The controversy began in 1940 when government officials realized that if war came, additional workers would be needed for the factories located along the Delaware River. Disstons new Armour Plate Plant would require an additional 100 workers. The projected need for the Disston Saw Co. and the Frankford Arsenal was 8,000 workers. Workers moving into the area would need affordable housing in Mayfair if the factory jobs were to be filled.
There were laws on the books, used during the Depression, to fund low-cost housing. These laws were amended in October 1940 to include wartime defense workers housing as well. Lawrence Westbrook, director of the Federal Works Agencys Mutual Ownership Defense Housing Division, used this act to initiate the construction of homes for defense workers.
One of the sites chosen was Northeast Philadelphia. The specific location was to be on the grounds of the Lower Dublin Poor House, in the newly formed community of Mayfair. The government secretly received a go-ahead from the city to use this Fairmount Park land as a building site. However, news leaked out to the public, and community organizations in Mayfair planned a public protest for June 18, 1941.
Much of the talk in the community was about the loss of property values. The claim was that the homes residents had paid more than $5,000 for (the actual cost was a little over $4,000) would be competing against $3,000 public-housing units. Renters would be charged $22 a month, a fee that included taxes and all utilities. This seemed unfair to Mayfair homeowners who got no such relief.
Rumors about who was going to live in the homes, and what it would mean to the lifestyle of the community, also surfaced. Word-of-mouth spread these fears throughout the community, guaranteeing a large turnout for the protest meeting.
On the morning of June 18, more than 1,200 people gathered at the Mayfair Athletic Association baseball field at Ryan and Rowland avenues. Presiding over the meeting was John T. Ginhart, of 3521 Aldine St., president of the athletic association.
Ginhart thanked the people for their support and then introduced John J. Nesbitt, president of the Mayfair Improvement Association, who professed his dislike of public housing no matter what the reason for its use.
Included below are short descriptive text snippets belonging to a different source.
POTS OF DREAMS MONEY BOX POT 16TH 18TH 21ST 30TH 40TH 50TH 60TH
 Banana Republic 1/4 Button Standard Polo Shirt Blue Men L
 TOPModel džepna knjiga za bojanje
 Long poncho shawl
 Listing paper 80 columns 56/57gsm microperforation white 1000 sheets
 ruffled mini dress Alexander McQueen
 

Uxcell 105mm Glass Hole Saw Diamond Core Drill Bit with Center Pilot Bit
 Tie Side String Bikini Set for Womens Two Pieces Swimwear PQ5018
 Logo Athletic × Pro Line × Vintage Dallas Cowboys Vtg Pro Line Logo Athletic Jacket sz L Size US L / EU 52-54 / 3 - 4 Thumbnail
City Councilman Clarence Crossan followed with a forceful speech against the project. He pointed out that the "government would pay only the equivalent of fifteen percent of tax paid by Mayfair householders," adding the government did not need the Mayfair site.
Councilman Frank Egan followed, further inciting the crowd. "National defense housing is needed but doesnt mean that self-respecting communities and self-respecting Americans must pay for projects to support other Americans!" he yelled to the crowd.
Jacob Boonin, chairman of the Mayfair Improvement Associations transportation committee, outlined the communitys objections to the proposal, stating that "thousands of rowhomes, mostly new, in this section, pay more taxes per square foot than any other section of the city."
In an effort to calm the situation, federal housing representative G. Gersham Griggs invited all parties to lunch at the Torresdale Country Club after a tour of Mayfair, which had been previously scheduled.
At the lunch, Councilman Crossan, clutching petitions from the community, told Griggs that he would sponsor a law to prohibit the federal government from using the land at Ryan and Rowland avenues to house defense workers.
Two days later, the federal government announced that 1,000 homes for defense workers would be built in the sparsely developed area on Frankford Avenue between Holme Avenue and St. Dominic Church. The people of Mayfair were ecstatic. The project was to begin within a week, with a completion date set for six months.
The people of Mayfair had saved parkland for future use. In 1948, it would become the site of Abraham Lincoln High School.
Construction of the government project was yet another issue. Labor supplied by the federal Work Projects Administration, the largest agency of the New Deal era, was assigned to do site grading, layout of streets and curbs, and all other outside work.
The city issued no building permits because the process would have slowed the project. That angered Carroll Shelton, president of the Philadelphia Builders Association, who charged that the project of wood-frame units was a "firetrap and in violation of municipal codes."
Another builder complained that the plumbing used for the project had "a code all its own."
But none of this mattered after Dec. 7, 1941, when the necessities of war overrode civilian concerns. However, all these issues remained when the property was taken over by the Pennypack Woods Homeowners Association after the war.
Of most interest in this story is that the Mayfair community was not convinced that war with Germany was inevitable. Mayfair opted for a community unchanged by federal projects. To the Mayfair residents, open space and protecting the value of their property were more important than national defense efforts by the federal government.
They wanted to keep what they had rather than prepare for a war that might not happen. Yet less than a mile southeast of Mayfair lay Tacony, the national flag-waving "poster community" for all-out war.